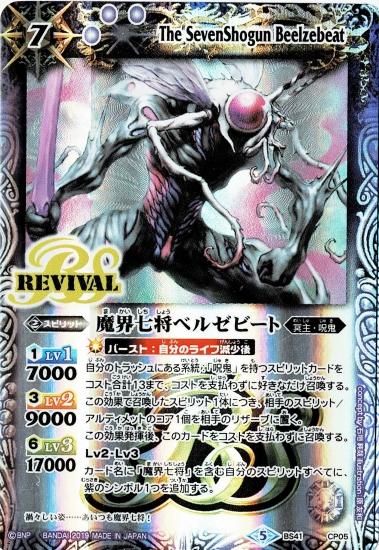 バトスピ 魔界七将 ベルゼビートXV シークレット トレーディング バトスピ 魔界七将 ベルゼビートXV シークレット トレーディング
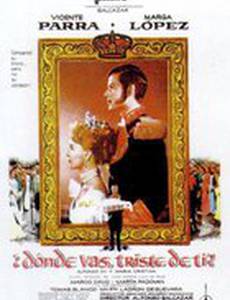 Куда идёшь ты, печалясь?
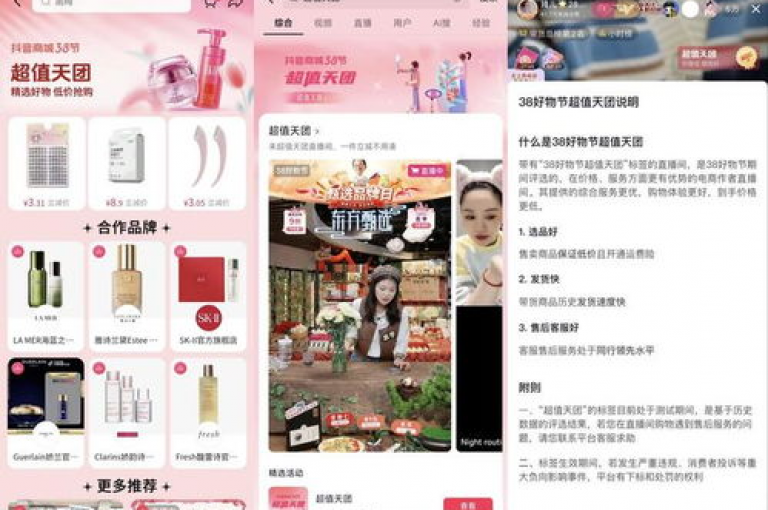 KS业务下单平台提供抖音自助低价服务，让你以超低价格享受便捷下单体验。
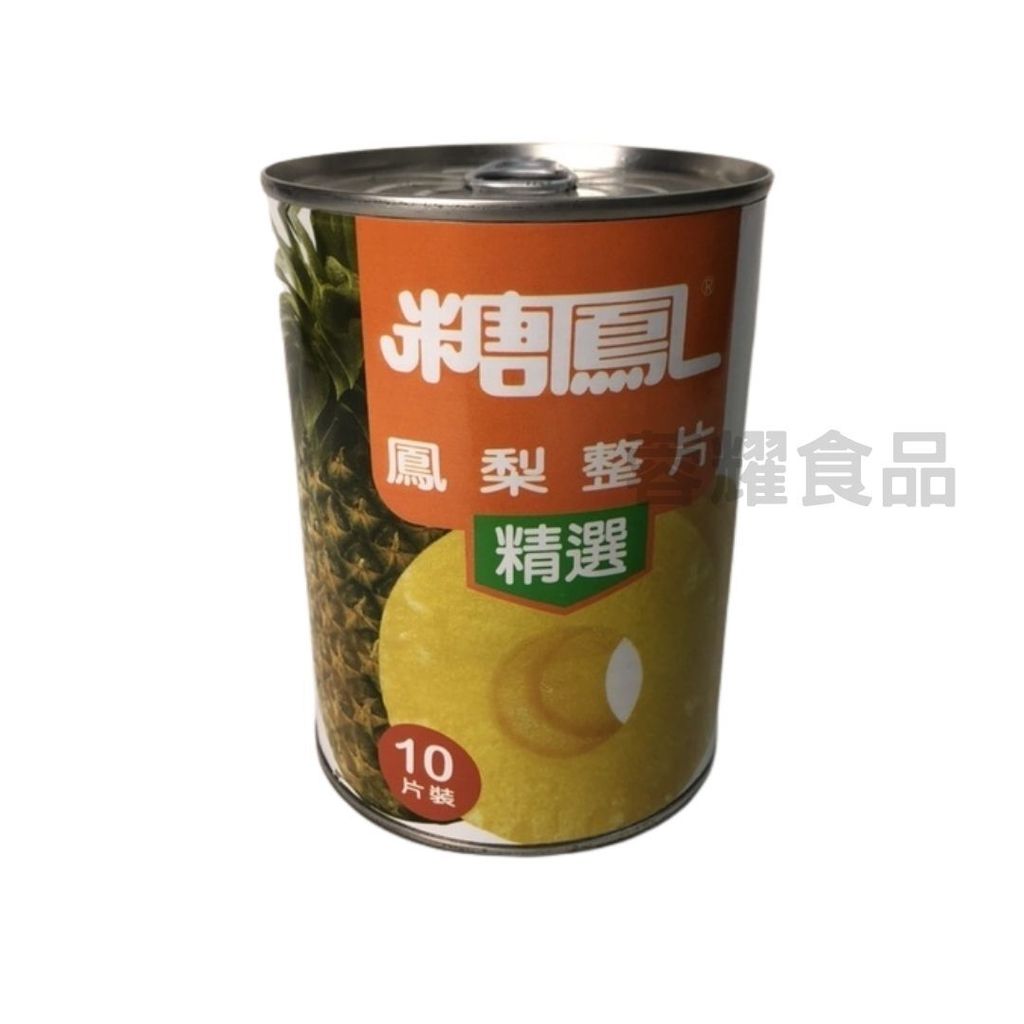 你的段落文字 - 2025-08-30T232216.301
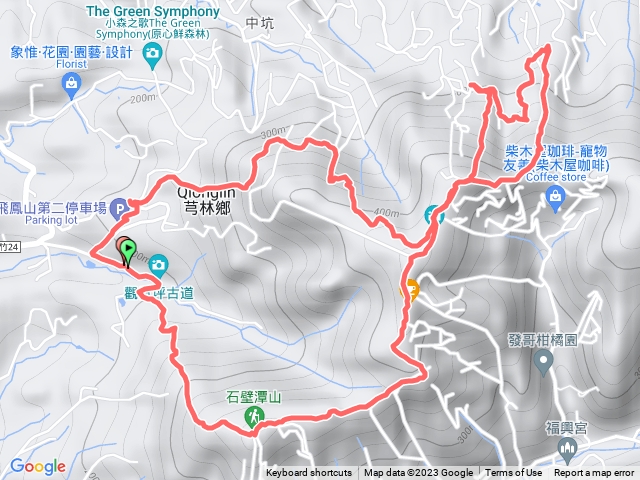 新竹 飛鳳山大板跟8字走(2800上，森林步道下)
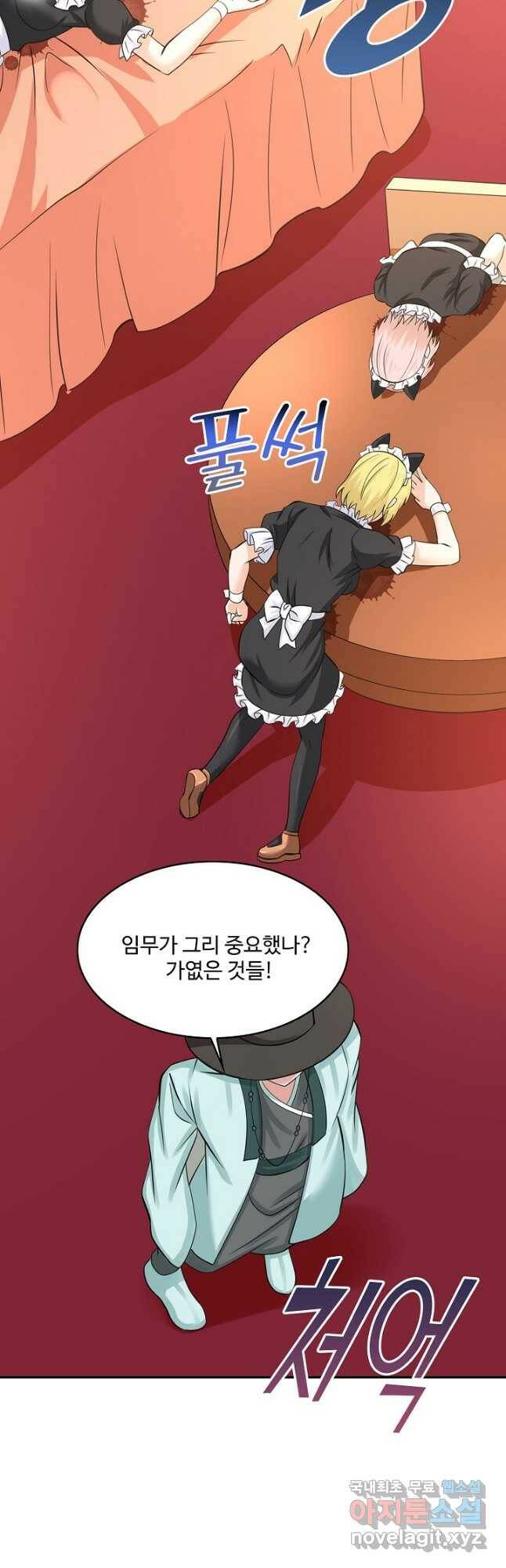 론의 지배자: 회귀하여 세상을 삼키다 174화 4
• • • • • • •
→ Exercise description:
Apart from the pictures, restate all of the listing above exactly.

→ Worked solution:
 バトスピ 魔界七将 ベルゼビートXV シークレット トレーディング バトスピ 魔界七将 ベルゼビートXV シークレット トレーディング
 Куда идёшь ты, печалясь?
 KS业务下单平台提供抖音自助低价服务，让你以超低价格享受便捷下单体验。
 你的段落文字 - 2025-08-30T232216.301
 新竹 飛鳳山大板跟8字走(2800上，森林步道下)
 론의 지배자: 회귀하여 세상을 삼키다 174화 4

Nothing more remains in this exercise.